The 2022-2023 school year at MHHS has had a stunning amount of changes for what life looks like for the student body. TASSEL was the first to change, and now end of the year activities such as Hoopla Day and Impact Week have vanished from the calendar.

“Hoopla Day was kinda like a field day with something that kids would look forward to because it was a day in school where we could just honestly hang out with our friends and just have fun,” Brianna Sexton (11) said.

After the shooting at Uvalde in May that affected the management of Texas schools, the change in administration throughout MISD and an unprecedented population increase for MHHS, the administration has removed another fixture of the school year that upper-classmen students have come to expect.

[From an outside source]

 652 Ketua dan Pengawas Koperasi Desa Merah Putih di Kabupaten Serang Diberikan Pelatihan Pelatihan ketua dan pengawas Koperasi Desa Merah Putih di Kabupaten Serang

“I feel very disappointed because that’s something most of the kids who have been here previously look forward to for the whole year because it’s kinda your reward for all the hard work you put in,” Madeleine Hill (11) said. “So since you worked hard and studied hard, you get a day at school where you can say, ‘Hi’ and ‘Bye’ to all your friends and enjoy the last few moments. It’s especially disappointing for the seniors because it was going to be their last one and suddenly it’s gone.”

Following rumors that new MHHS principal, Ketura Madison, planned on removing these practices since before the year started, Madison insists that she did not plan the changes and removal of activities. She claims she did not know about the practices until they were presented to her by her staff along with a vocal call for the changes the student body is currently experiencing.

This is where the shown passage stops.